#James Lunga Discussion 5
The R datasets library contains data on air quality in New York (airquality). Conduct a hypothesis test to evaluate if ozone levels are a function of month. NOTE: dichotomize month. If that test were significant, what else would be required?
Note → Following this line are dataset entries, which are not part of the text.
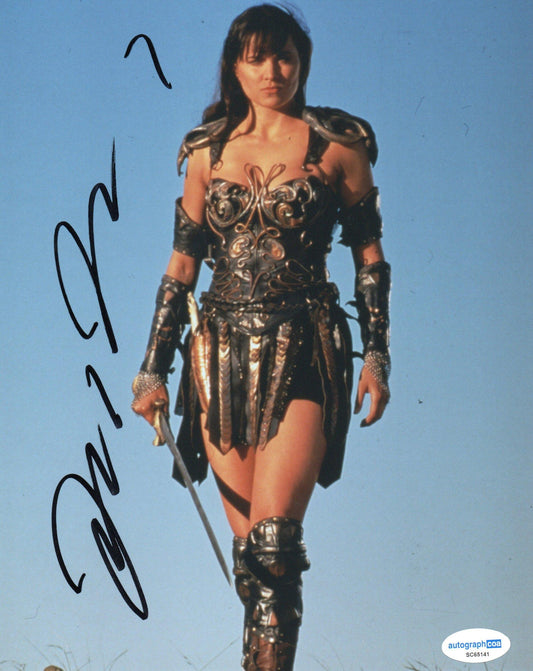 LUCY LAWLESS SIGNED XENA 10X8 PHOTO (3) ALSO ACOA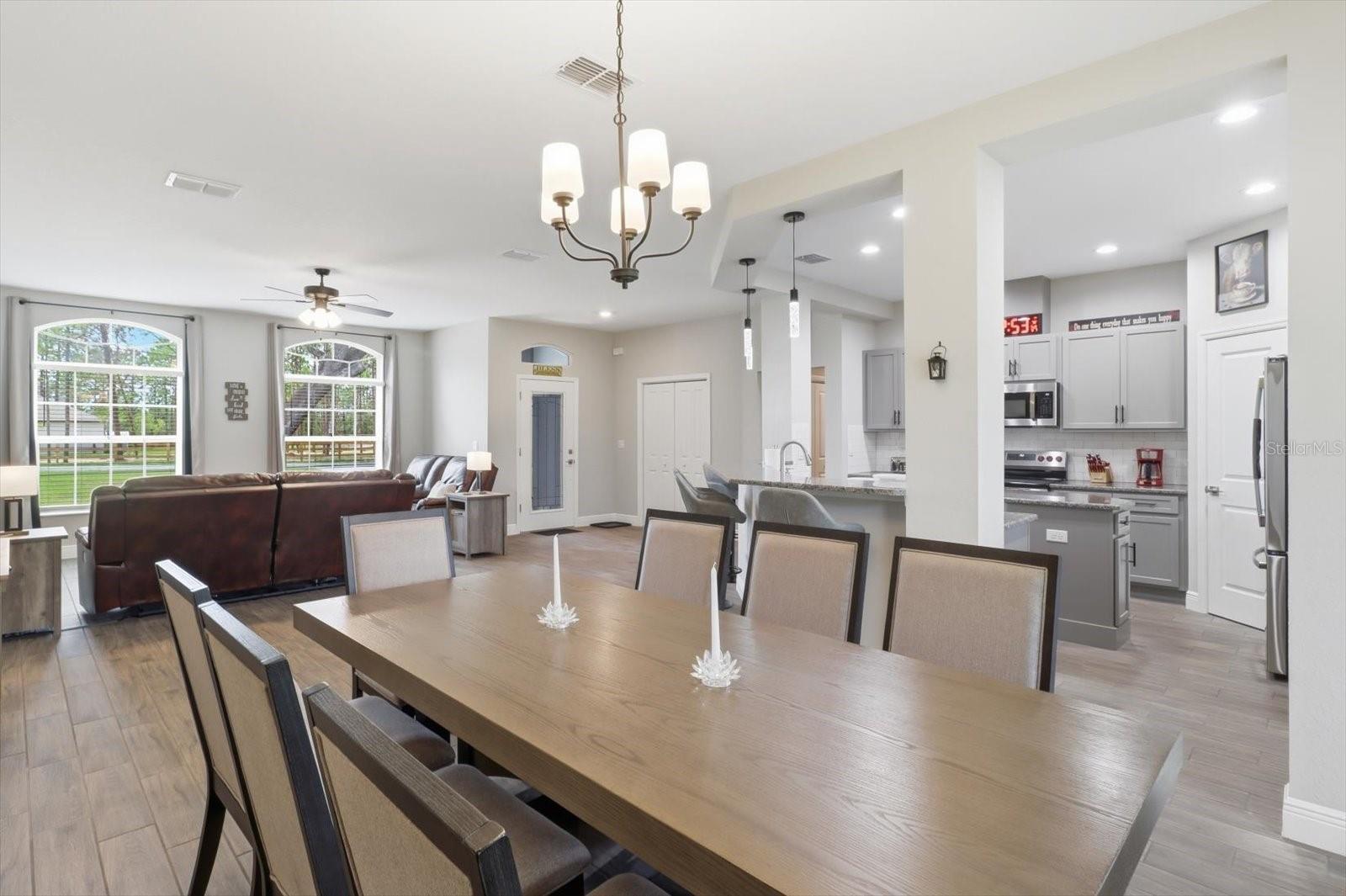W7887516 Property Photo 21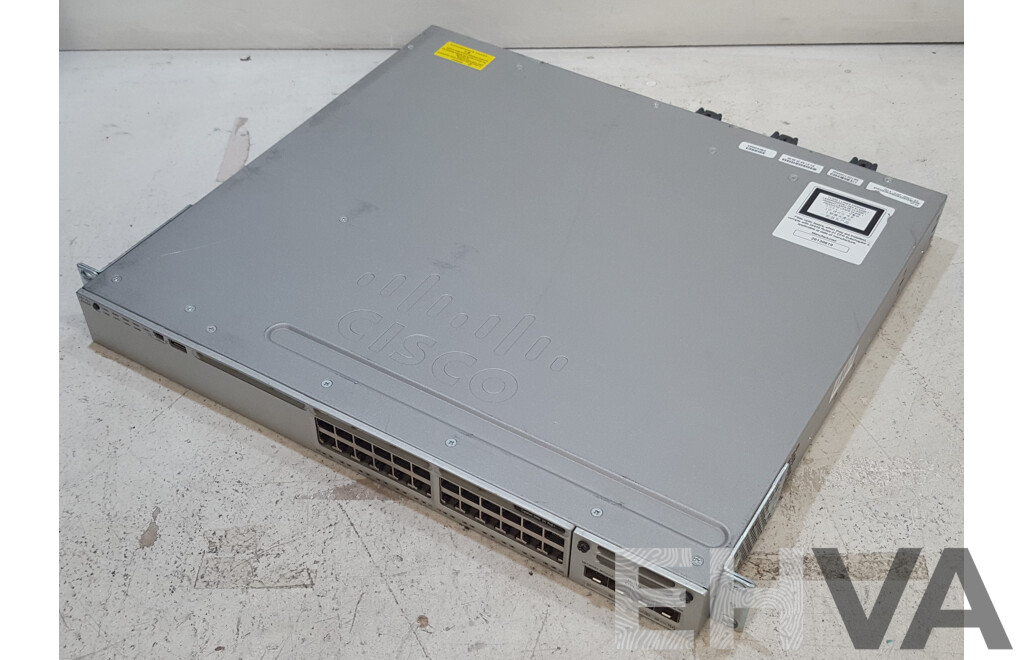 Cisco (WS-C3850-24PW-S) Catalyst 3850 24 PoE+ 24-Port Managed Gigabit Ethernet Switch
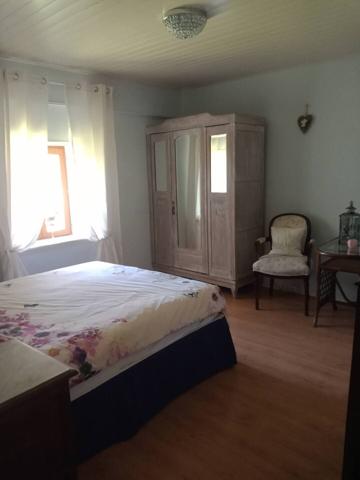 Belle maison entièrement rénovée et petite maison à rénover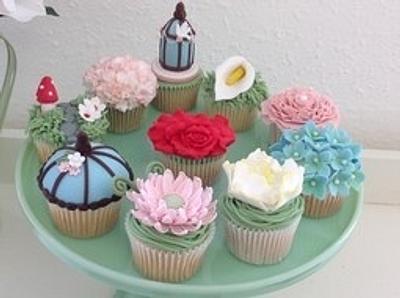 Summer Garden Flower Cupcakes - Cake by Babycakes & Roses Cakecraft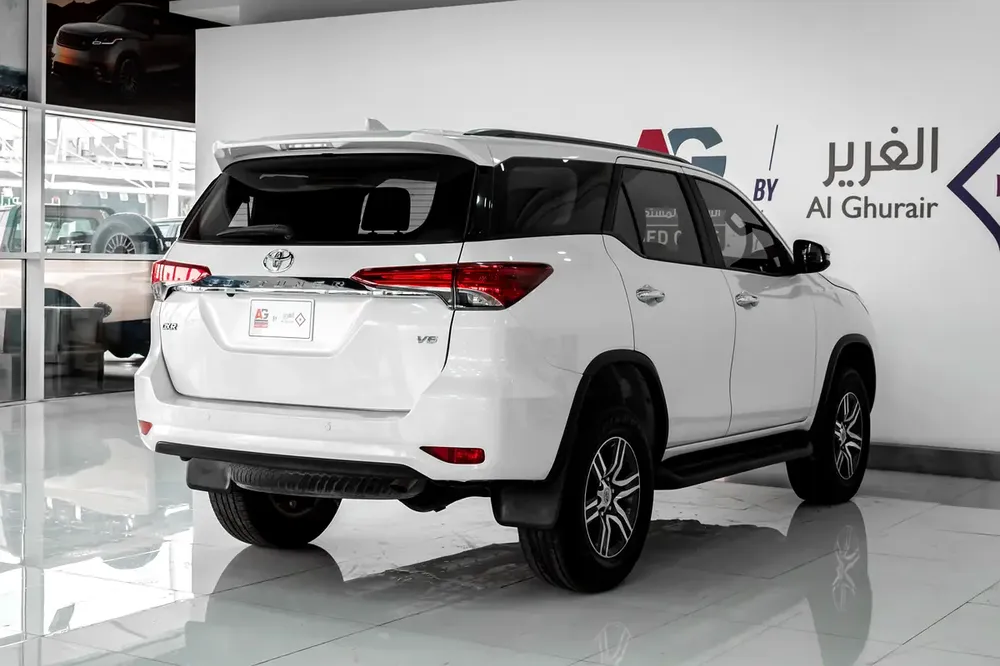 1 YR / 20,000 KM WARRANTY | 4.0 GXR | 6 CYLINDER | AED 1665 - Image 4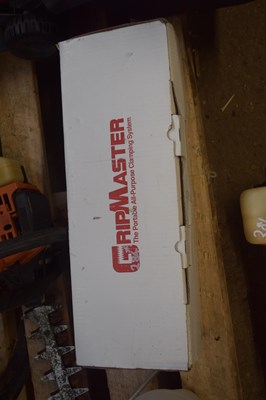 Lot 284a - Gripmaster clamping system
Post your hypothesis test and R code with your discussion.
First I will take out the NA values.
airdata <- na.omit(airquality)
Next I will dichotomize the data to test Ozona against month.
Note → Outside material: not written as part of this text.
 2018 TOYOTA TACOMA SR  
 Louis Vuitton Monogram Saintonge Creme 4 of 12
month5<-subset(airdata,airdata$Month=="5")
month6<-subset(airdata,airdata$Month=="6")
month7<-subset(airdata,airdata$Month=="7")
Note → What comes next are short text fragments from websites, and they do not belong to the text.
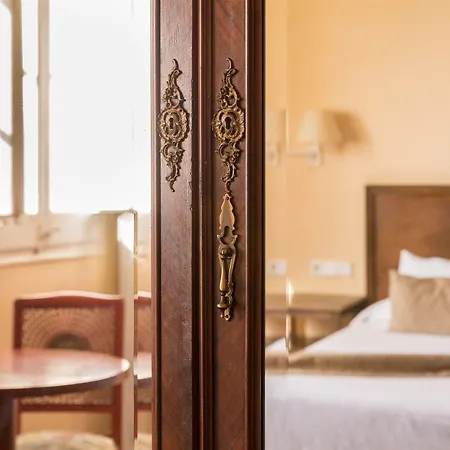 La Santa María Hotel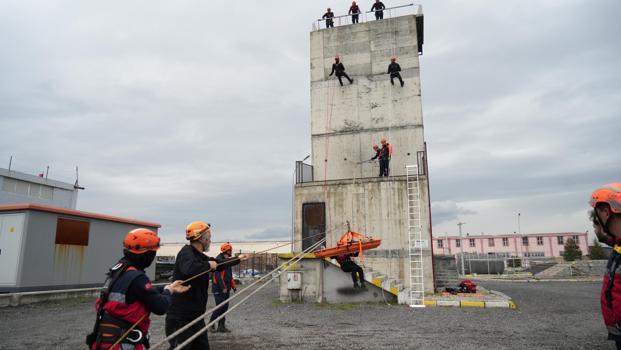 AFAD’dan öğrencilere, kayadan düşme ve yaralanmalara müdahale eğitimi verildi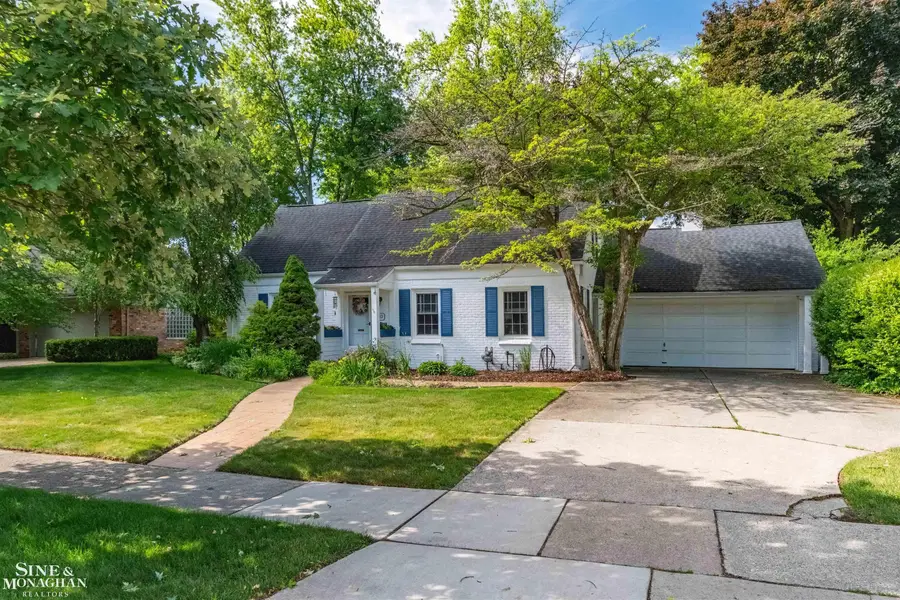 83 Hawthorne RD, Village Of Grosse Pointe Shores, MI 48236 - #2
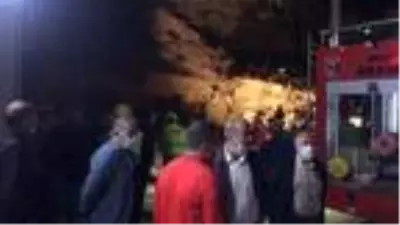 9 katlı boş bina, toprak kaymasında yıkıldı 9 katlı boş bina, toprak kaymasında yıkıldı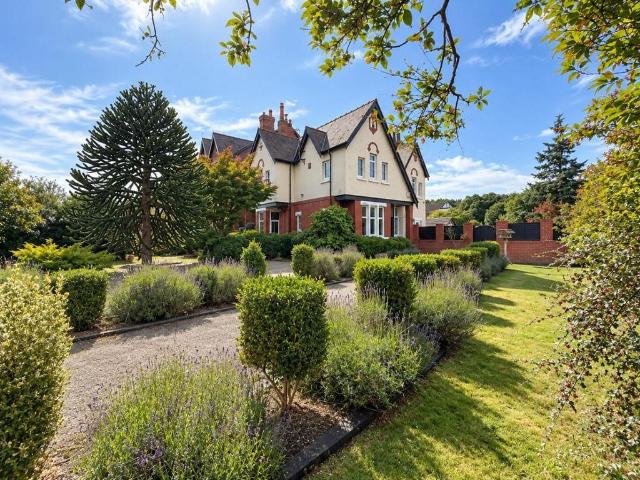 4 bedroom detached house to rent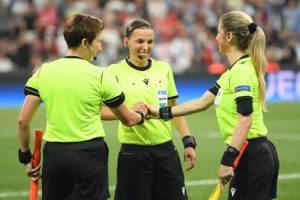 Edhe futbolli ka “Zonjën e Parë”, të gjitha sytë tek arbitrja e finales!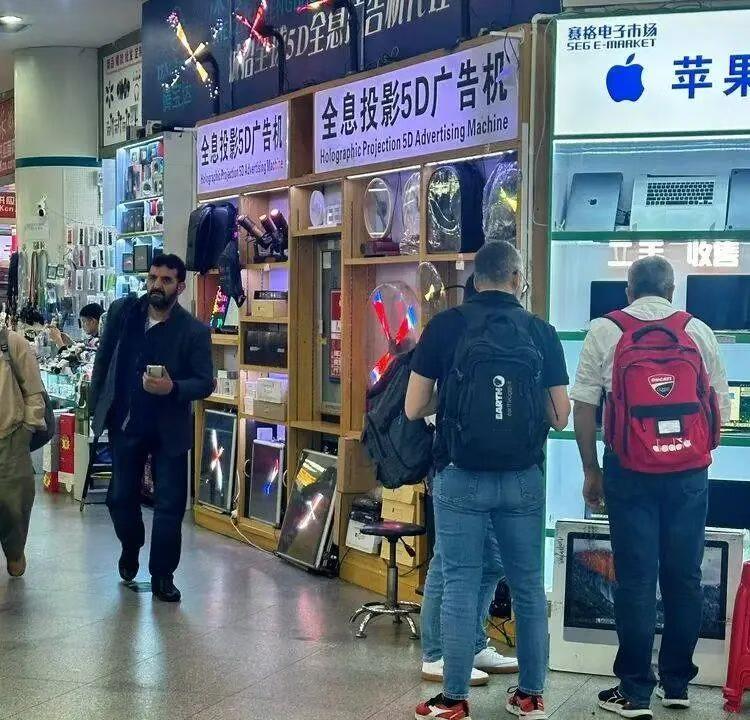 县城打工人的新焦虑:免费AI培训遍地,是逆袭捷径还是割韭菜陷阱?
month8<-subset(airdata,airdata$Month=="8")
month9<-subset(airdata,airdata$Month=="9")
Then I will run a t test to see if the variation in values is significant.
t.test(airdata$Ozone[1:153],airdata$Month[1:153])
##
## Welch Two Sample t-test
##
## data: airdata$Ozone[1:153] and airdata$Month[1:153]
## t = 11.034, df = 110.43, p-value < 2.2e-16
## alternative hypothesis: true difference in means is not equal to 0
## 95 percent confidence interval:
## 28.61778 41.14798
## sample estimates:
## mean of x mean of y
## 42.099099 7.216216
The T test shows there is significant vairance in Ozone levels based on month and the small p value suggests it is not a result of randomness. Below is a notched box chart where we can see this visually.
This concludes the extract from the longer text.